The information that a defendant knew or should have known is often an important issue in product liability and negligence lawsuits. While product liability suits can be based on theories of “strict liability” where the defendant’s state of mind is irrelevant-various issues even in those cases can hinge on information available to or known by a defendant that was ignored, misunderstood, or hidden. For these reasons, during any legal matter, our Illinois injury attorneys give careful analysis to all information which suggests what a party in a suit might have known about the risks or potential danger of their products and activities.
Understanding a defendant’s knowledge level can be difficult in certain situations. However, learning about the party’s conduct itself it often helpful in discovering what they knew or didn’t know at the time. For example, late last week the New York Times published a story that shared more information about actions by Johnson & Johnson after the company was asked by the U.S. Food and Drug Administration for more safety information about certain hip implant devices that they created.

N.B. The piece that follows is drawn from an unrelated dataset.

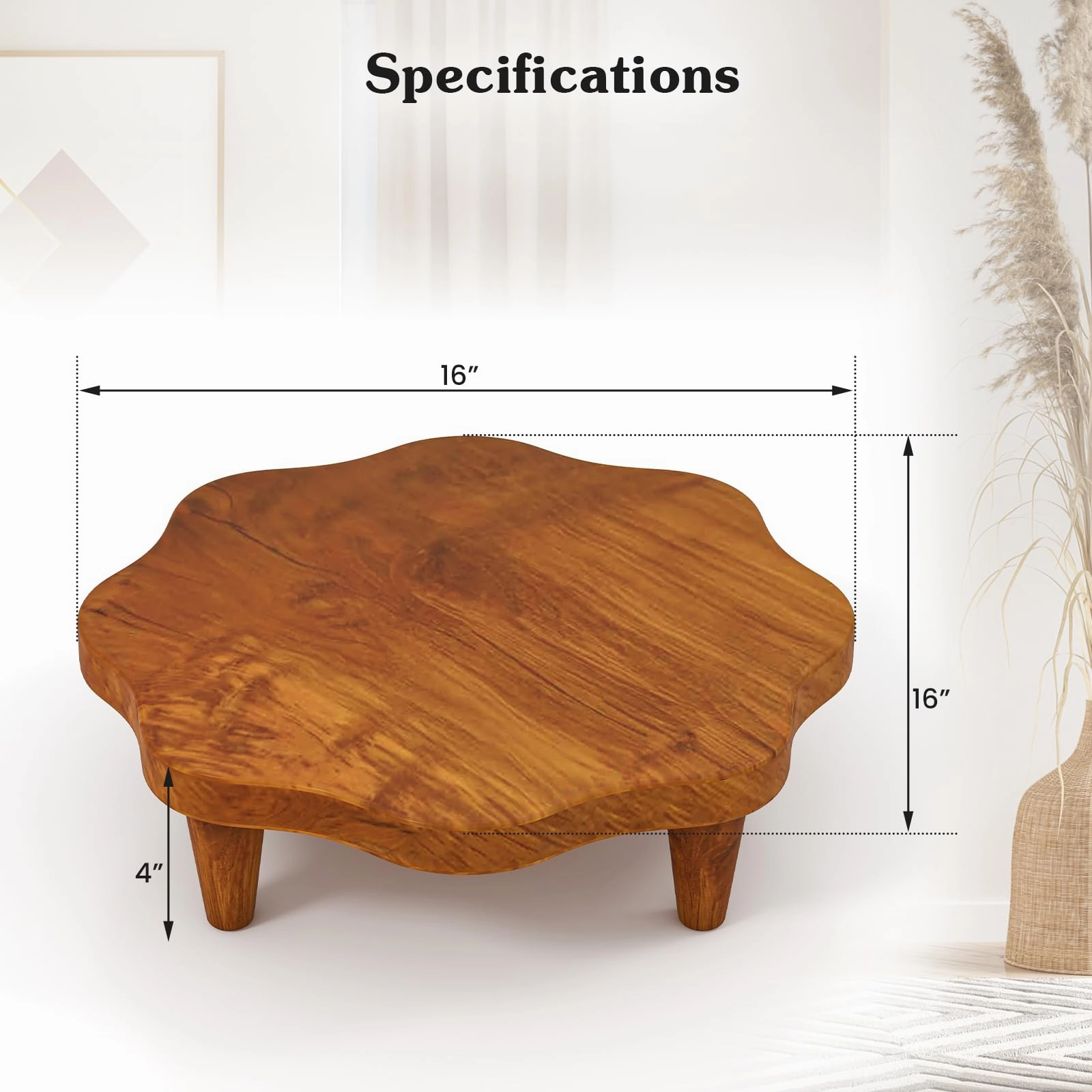 Giantex Teak Wood Riser Board, 16 Inches Flower-shaped Countertop Organizer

These and similar devices, made by the company’s DePuy Orthopaedics unit, have made many headlines since this FDA request as the units were eventually recalled. Many patients throughout the country, including in Illinois, have come forward and shared information about how certain “metal on metal” hip implants that they received stopped working properly, causing them harm, permanent disability, and often requiring a risky revision surgery. Our DePuy hip injury lawyers remain available to help those who have been hurt by this product.

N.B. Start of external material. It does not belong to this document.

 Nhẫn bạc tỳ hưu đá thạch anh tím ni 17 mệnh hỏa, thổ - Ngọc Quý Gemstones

An important issue in DePuy hip implants lawsuits revolves around figuring out what the designers and manufacturers knew or should have known about the safety of this product. New documents released by the FDA last week shed more light on those questions. For example, the NYT story explains how amid growing concerns about the product’s safety, the FDA asked Johnson & Johnson for more safety data on certain devices. At that time the company told the FDA that blood tests of some patients who received the product showed “high concentration of metal ions.” Only a few weeks later, the company decided to phase out the implant and sell off its inventories.
Similarly, at this time it was known that the data on the safety of a device from countries outside the U.S. suggested more concerns than the data submitted for use of the device in the United States. For example, as early as mid-2009, information from tests in Australia indicated that the device was failing at rates far faster than expected. Patients were usually told that their devices should last as long as fifteen years. However, many did not last anywhere near that long. These concerns were voiced by the FDA when turning down the company’s request to have the device approved in the United States. However, companion devices to those not approved were already being used in the U.S., with thousands of patients receiving the implants without realizing the growing safety concerns surrounding the product.
Our Illinois DePuy hip lawyers understand that it is important to note that the planned phase-out and information about high failure rates were documented in mind-2009. It was not until August 2010 that all of these suspected devices were recalled by the company and patients were finally no longer given the product. This was more than a year after the FDA’s letter indicating clear concerns about the safety of the product. In other words, the company began plans to phase out the product and sold its inventory to be used in patients almost a year before officially recalling the device.